Sipera made several announcements at VoiceCon in both the voice and video security areas. The first announcement was Avaya interoperability for Sipera's UC-Sec appliance, which provides security for teleworkers. Adam explained that UC-Sec sits in the enterprise DMZ and acts as a proxy, supplying encryption, authentication and policy enforcement, NAT traversal and firewalling. This provides security across untrusted networks (i.e., the Internet) for enterprises whose remote sites/workers receive services from a central IP-PBX.
At VoiceCon, Sipera also announced a customer, BCI (Banco de Credito e Inversiones) of Chile, which is using Sipera for a central-site deployment as a means of securing SIP trunks and policing traffic to the core voice system, to provide secure multi-channel contact for customers.
Obviously, if a bank is going to offer multimedia contact, it has to be secure. But I wondered if there really are voice-targeted attacks, with unique signatures, that can be detected in the same way that data attacks can.
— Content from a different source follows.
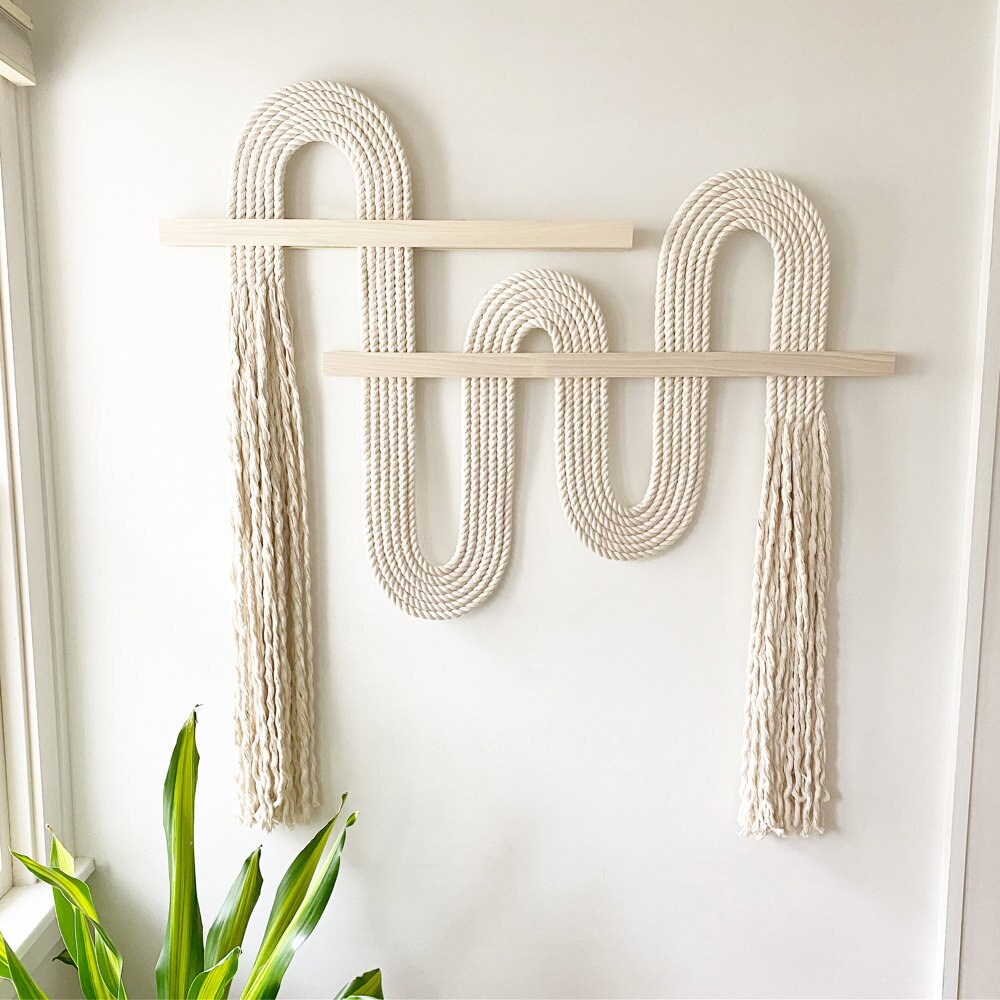 An extra-large "Vibrato" macrame wall-hanging from Candice Luter.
"There are VOIP specific, UC specific attacks that we detect, that a data IDS cannot," Adam Boone said. An example is anything that involves a pattern of calling or behavior, and Adam singled out a type of attack called "call walking," which he described as an attack that tries to find a modem to exploit or to execute a denial of service. The attack "walks" from one extension to the next, flooding the network with calls. To defeat it, you need to be able to detect that this pattern of behavior is going on.
Sipera also announced a tool that's specially tailored to help monitor security on Microsoft Office Communications Server (OCS) deployments. The new OCS Assessment Tool (OAT)can test an OCS deployment and check it for compliance with Microsoft's recommended security configuration. It also monitors for the aforementioned "call walking" attacks and SIP flood attacks against OCS users.
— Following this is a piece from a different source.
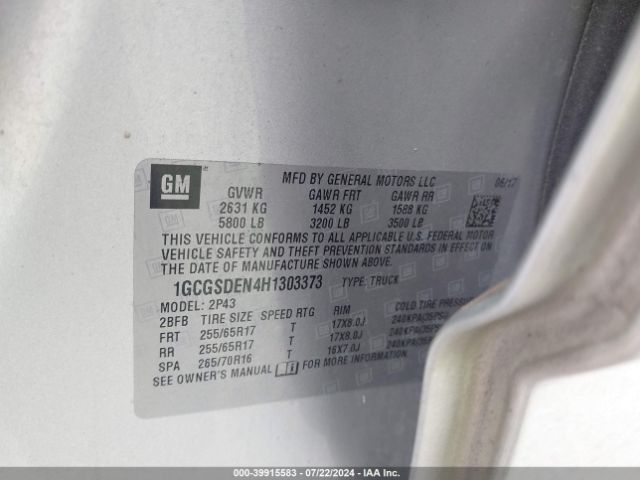 1GCGSDEN4H1303373 Chevrolet Colorado Z71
OAT is a free tool produced by VIPER Lab, as are Sipera's Video monitoring tools, UCSniff2.0 and VideoJak. UCSniff eavesdrops, captures and records videoconferencing, and VideoJak can perform a targeted denial of service attack against video systems. Just as we're seeing network management and performance vendors start to pay attention to video, it makes sense that a security company like Sipera is turning its attention that way as well. Security and network management are both trailing issues, things that enterprises tend to devote serious attention to only after initial deployments are well under way and the problems become clear, either as a prospect or even a reality.
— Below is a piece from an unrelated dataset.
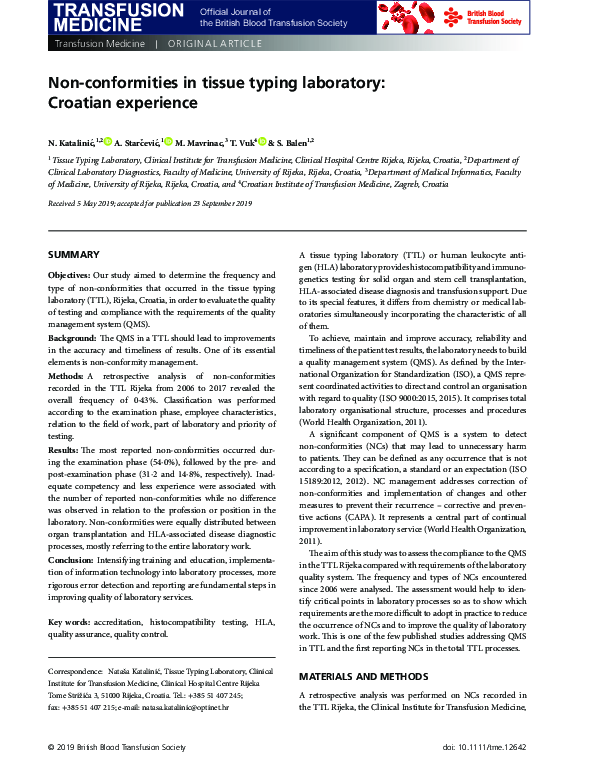(PDF) Non‐conformities in tissue typing laboratory: Croatian experience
In general, the big problem that Sipera is seeing, according to Adam Boone, is that 95% of vulnerabilities are related to improper use of encryption. Sipera advocates that encryption be used at all times with VOIP, but some users turn it off because they're concerned about taking a performance hit with encryption enabled.
A more serious challenge is that encryption can defeat troubleshooting, since you can't see the packets in their original form. The best practice for troubleshooting is to turn off encryption for the brief period while you're doing the troubleshooting, then immediately turn it back on, according to Adam Boone.